Intel Gaudi AI accelerator drives doubled performance on GPT-3

MLCommons has published results of the industry standard MLPerf training v3.1 benchmark for training AI models, with Intel submitting results for Intel Gaudi2 accelerators and 4th Gen Intel Xeon Scalable processors with Intel Advanced Matrix Extensions (Intel AMX).

Intel Gaudi2 demonstrated a significant 2x performance leap, with the implementation of the FP8 data type on the v3.1 training GPT-3 benchmark. The benchmark submissions reinforced Intel’s commitment to bring AI everywhere with competitive AI solutions.

“We continue to innovate with our AI portfolio and raise the bar with our MLPerf performance results in consecutive MLCommons AI benchmarks,” says Sandra Rivera, Intel executive vice-president and GM of the data centre and AI group.

“Intel Gaudi and 4th Gen Xeon processors deliver a significant price-performance benefit for customers and are ready to deploy today.

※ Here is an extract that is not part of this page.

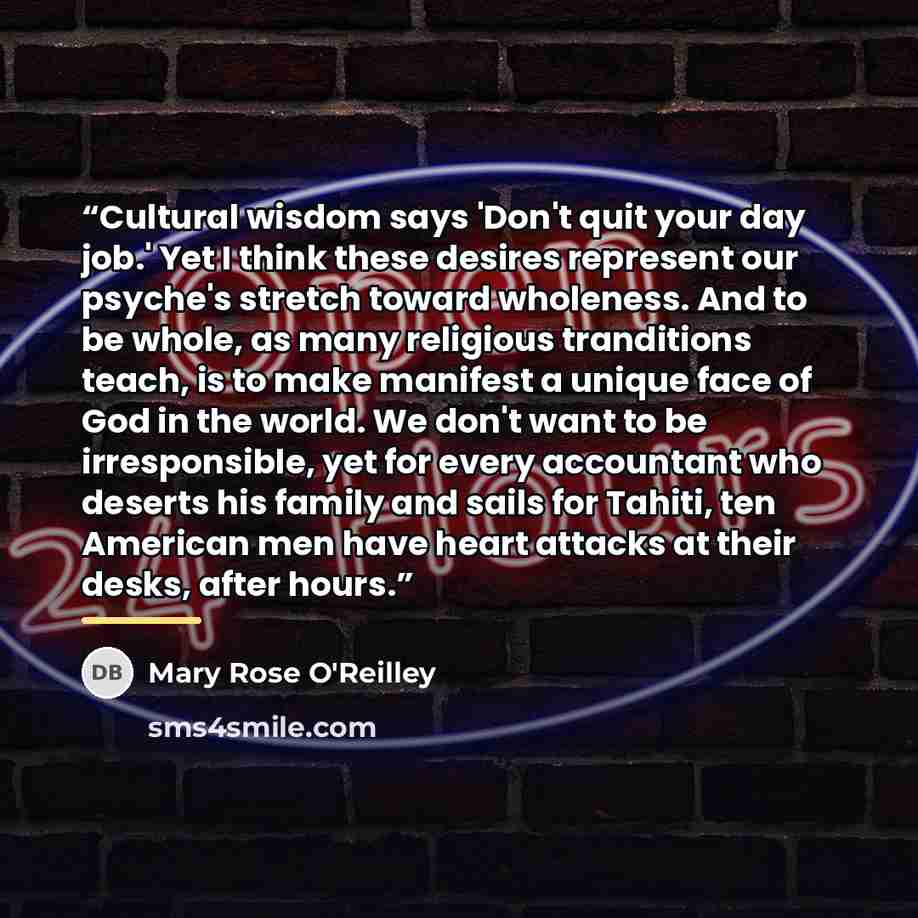 “Cultural wisdom says 'Don't quit your day job.' Yet I think these desires represent our psyche's stretch toward wholeness. And to be whole, as many religious tranditions teach, is to make manifest a unique face of God in the world. We don't want to be irresponsible, yet for every accountant who…” quote by Mary Rose O'Reilley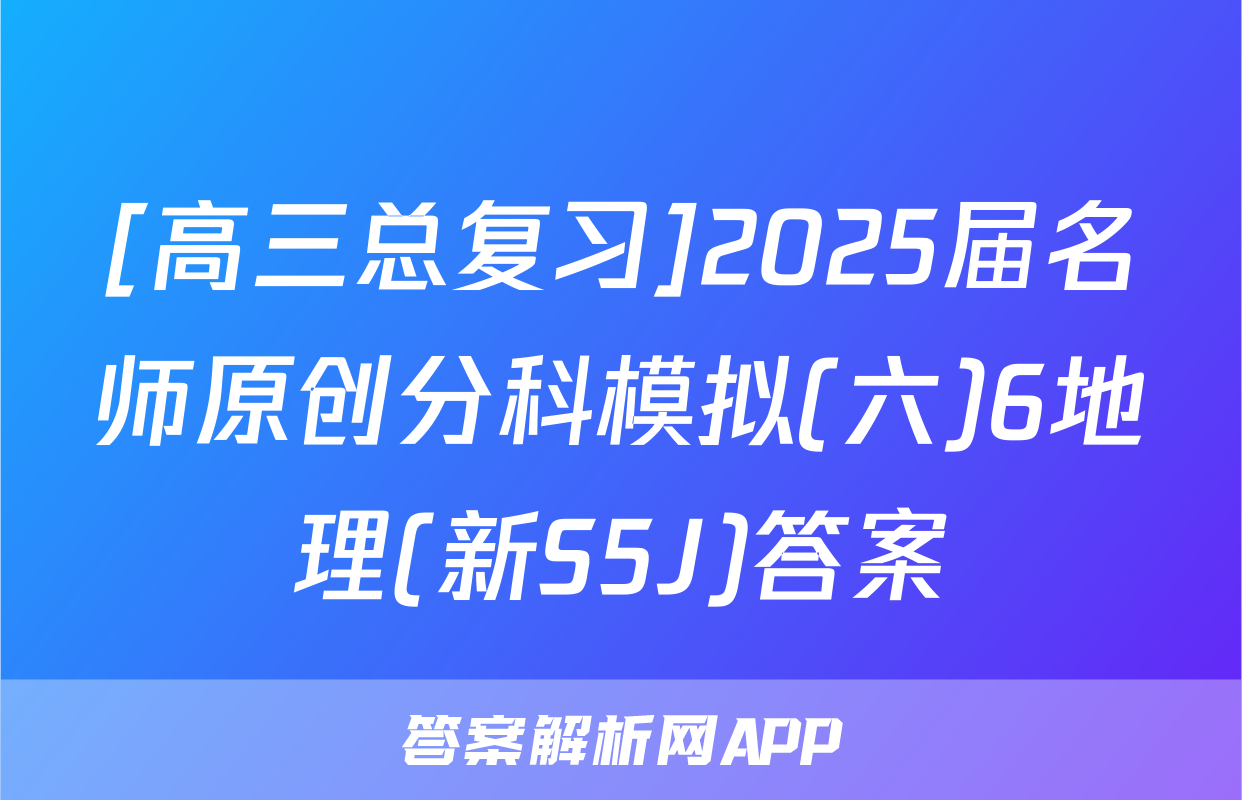 [高三总复习]2025届名师原创分科模拟(六)6地理(新S5J)答案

Our breadth of AI hardware and software configuration offers customers comprehensive solutions and choice tailored for their AI workloads.”

The newest MLCommons MLPerf results build on Intel’s strong AI performance over previous MLPerf training results from June. The Intel Xeon processor remains the only CPU reporting MLPerf results, and Intel Gaudi2 is one of only three accelerator solutions upon which results are based, only two of which are commercially available.

Intel Gaudi2 and 4th Gen Xeon processors demonstrate compelling AI training performance in a variety of hardware configurations to address the increasingly broad array of customer AI compute requirements.

Gaudi2 continues to be a viable alternative to Nvidia’s H100 for AI compute needs, delivering significant price-performance. MLPerf results for Gaudi2 displayed the AI accelerator’s increasing training performance:

* Gaudi2 demonstrated a 2x performance leap with the implementation of the FP8 data type on the v3.1 training GPT-3 benchmark, reducing time-to-train by more than half compared to the June MLPerf benchmark, completing the training in 153.58 minutes on 384 Intel Gaudi2 accelerators. The Gaudi2 accelerator supports FP8 in both E5M2 and E4M3 formats, with the option of delayed scaling when necessary.

* Intel Gaudi2 demonstrated training on the Stable Diffusion multi-modal model with 64 accelerators in 20.2 minutes, using BF16.

* While FP8 was used only in GPT-3 in this MLPerf training submission and GPT-J in the previous inference submission, Intel is expanding FP8 support in Gaudi2 Software and tools to additional models for both training and inference.

* On eight Intel Gaudi2 accelerators, benchmark results were 13.27 and 15.92 minutes for BERT and ResNet-50, respectively, using BF16.